Problem statement> When the line with "Art Deco Square" comes up, set it down and every later line to the end of the data, exactly and without pictures.

Dataset records>
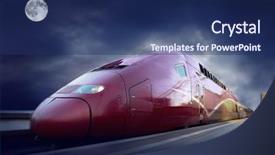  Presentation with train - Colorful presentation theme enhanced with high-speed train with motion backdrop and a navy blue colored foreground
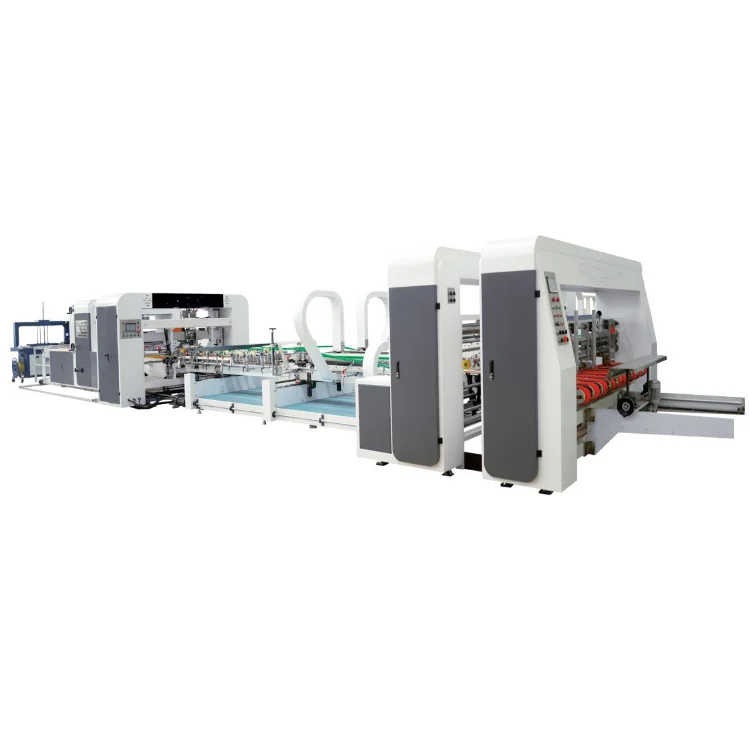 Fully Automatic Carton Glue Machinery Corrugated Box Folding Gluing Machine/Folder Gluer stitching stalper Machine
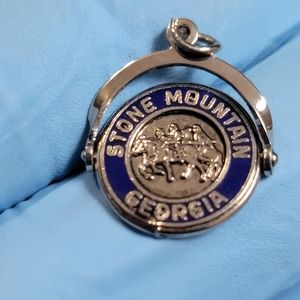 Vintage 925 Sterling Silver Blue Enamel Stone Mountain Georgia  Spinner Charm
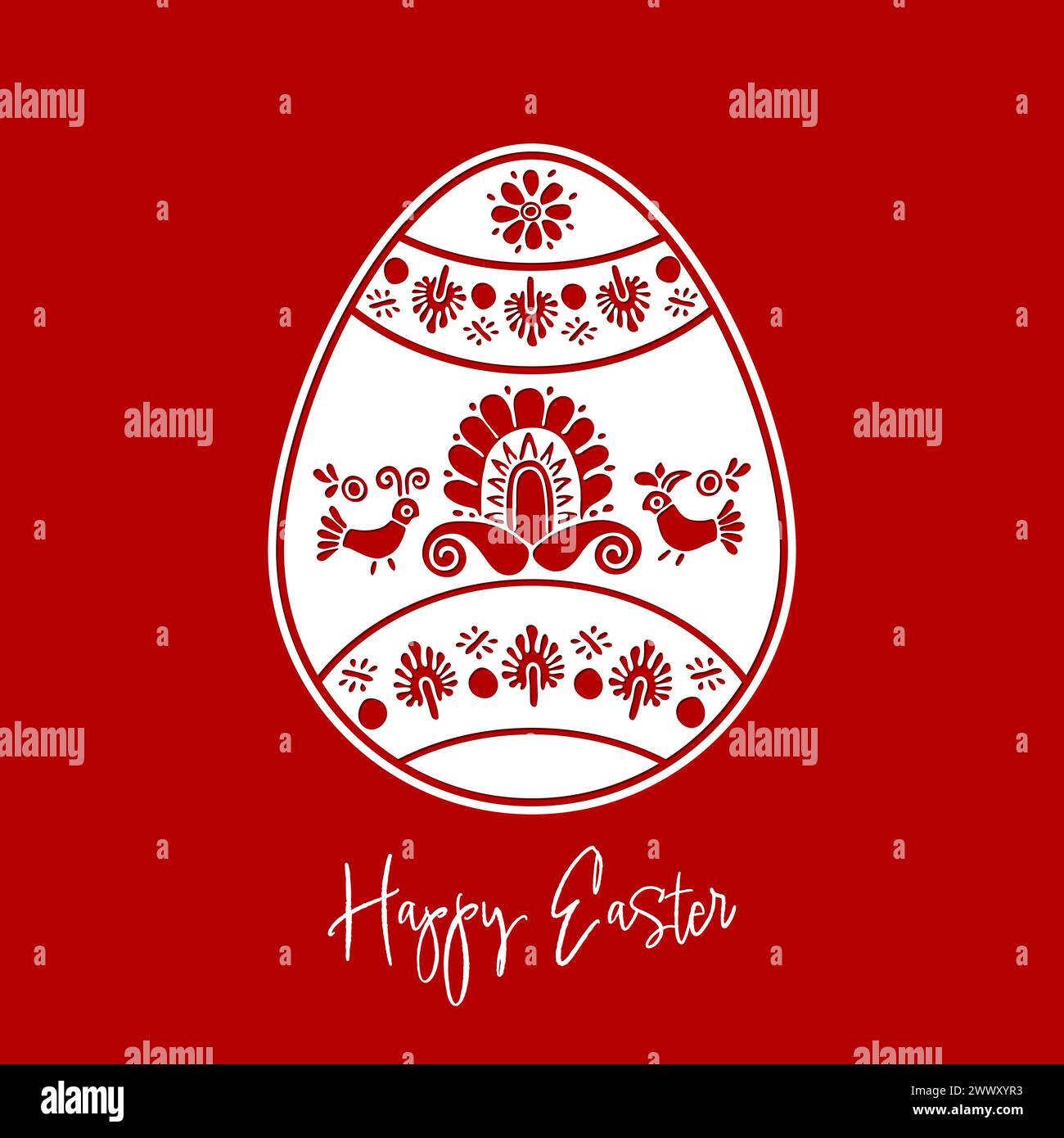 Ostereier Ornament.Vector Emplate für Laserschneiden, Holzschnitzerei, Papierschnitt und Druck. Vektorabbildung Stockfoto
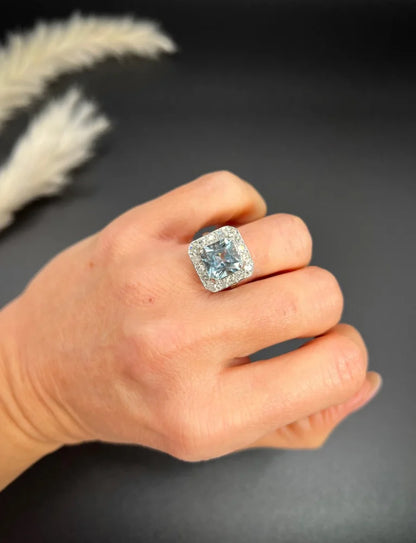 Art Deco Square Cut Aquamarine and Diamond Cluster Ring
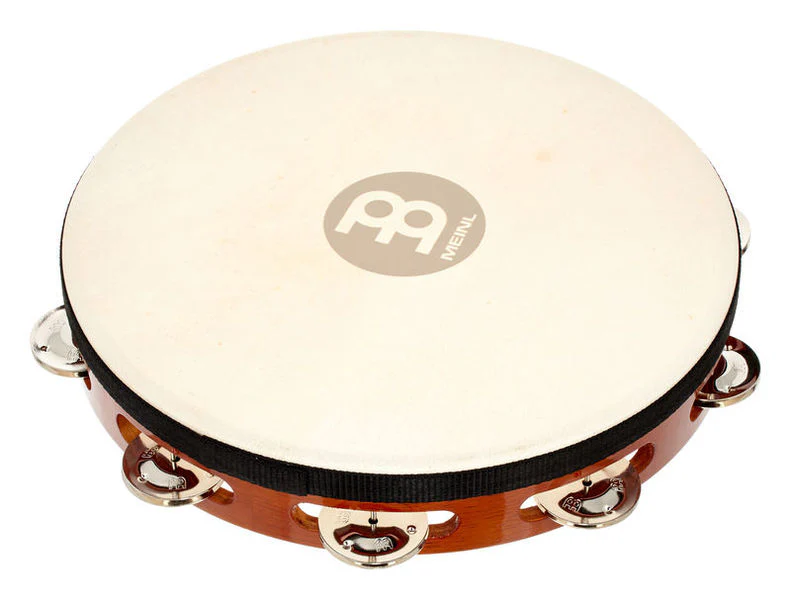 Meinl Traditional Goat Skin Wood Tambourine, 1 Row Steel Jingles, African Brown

The answer>
 Art Deco Square Cut Aquamarine and Diamond Cluster Ring
 Meinl Traditional Goat Skin Wood Tambourine, 1 Row Steel Jingles, African Brown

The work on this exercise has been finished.